Se detuvieron al borde, hombro con hombro. Miko sacó una pequeña caja de su bolsillo. "Las compré antes," dijo, mostrando dos bengalas. Las encendió con cuidado, protegiendo la llama del viento.
"Feliz Cuatro de Julio," murmuró Miko, entregándole una a Y/N.
Y/N sostuvo la bengala, observando cómo las chispas caían como diminutos cometas, iluminando sus rostros. "Feliz Cuatro," respondió en un susurro.
Mientras los fuegos artificiales retumbaban en el cielo, Miko se inclinó hasta que sus frentes se rozaron.
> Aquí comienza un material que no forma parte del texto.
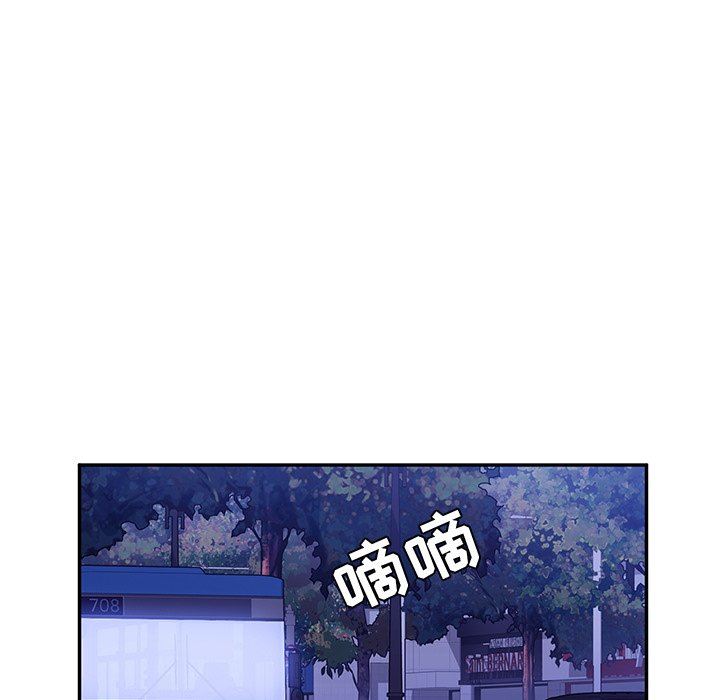 她们的恶作剧 她们的恶作剧：第45话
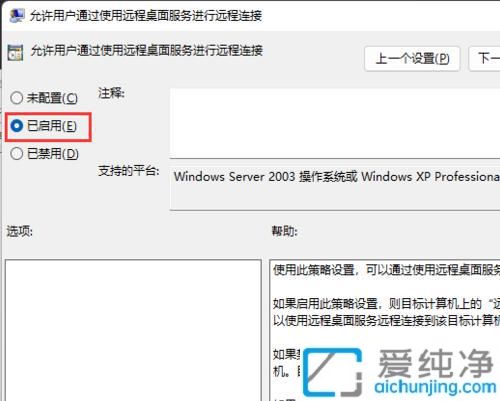 Win11h̅f(xi)ɫox_win11ϵy(tng)oxh̅f(xi)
El mundo alrededor pareció desvanecerse, reemplazado por el crujir de las chispas y el suave compás de sus respiraciones.
"Me alegra estar aquí contigo," dijo Y/N, su voz casi ahogada bajo el estruendo del gran final—una cascada de rojo, blanco y azul que estallaba sobre ellas.
Los dedos de Miko encontraron la mano libre de Y/N, entrelazándolos suavemente. "A mí también," susurró, dejando un beso suave en la sien de Y/N. "El mejor show de fuegos artificiales que he visto."
Se quedaron allí hasta que la última chispa se desvaneció y el humo se fue disipando lentamente sobre el lago. Y aunque detrás de ellas la multitud aplaudía y gritaba, todo lo que Y/N podía oír era el suave latido de su corazón.. latiendo en perfecta sintonía con el de Miko.